Report: Metro officer, Nevada firefighter arrested in illegal narcotics operation

Local News

LAS VEGAS (KLAS) — Metro Officer Jesus Najera and Nevada Division of Forestry firefighter Eduardo Garcia, his brother-in-law, were arrested in an illegal narcotics operation, according to a declaration of arrest report obtained by 8 News Now.

On February 5, 2020, Metro detectives met with a source of information that was provided by the Counter Terrorism Section that pointed to the trafficking of illegal narcotics to a Metro officer and firefighter. The source said they had a friend, Norberto, who dabbled in several businesses, including recycling, marijuana-related and a hemp farm in Pahrump. The source told detectives they believed these were a cover for illegal activities.

According to the arrest report, the source said their friend was spraying hemp with THC and then selling it as marijuana.

The source also told detectives they had met two individuals through the friend, who he believed were criminal associates. The associated were identified as Najera and Garcia.

The report says the source believed Garcia, also known as “Lalo”, was a a supervisor who takes crews to fight fires out of state. The source then told detectives that the second male, Najera, worked for Metro as a patrol officer, patrolling the area near The Stratosphere and “Naked City.”

Najera offered to sell the source marijuana and assured the source that he could obtain larger amounts. The report says Najera told the source to communicate with him via WhatsApp to avoid police detection. The source then noted to detectives that Norberto, Najera and Garcia all communicated their illegal activities with a third-party app.

Metro detectives were able to identify the three suspects through business record checks, DMV records checks and LVMPD information. Garcia was identified as a Conversation Crew Supervisor III with the forestry department.

According to the report, detectives also corroborated the source’s information through observations of the suspects’ known properties and vehicles.
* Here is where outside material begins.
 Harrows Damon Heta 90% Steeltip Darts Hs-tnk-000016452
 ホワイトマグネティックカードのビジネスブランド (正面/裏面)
During a meeting between the source and Najera, they discussed selling “stuff from friends” or hemp disguised as marijuana. Najera mentioned “we” are selling the hemp, indicating he was working with Lalo (Garcia) and the other suspect on the operation. He noted he wanted to start start a strip club and wanted a bigger cut of the profits because he worked harder, the report says. Najera complained about Norberto’s greed, suggesting an even profit from the illegal activities between the three.

Detectives surveyed the suspects over a period of time. At one point they observed Garcia and an unidentified male at a warehouse loading black bags on the back of a flatbed truck. The bags, filled with THC sprayed hemp, were removed in preparation for an upcoming warehouse inspection, according to the report. A woman from the City of Las Vegas Code Enforcement inspected the warehouse on March 10.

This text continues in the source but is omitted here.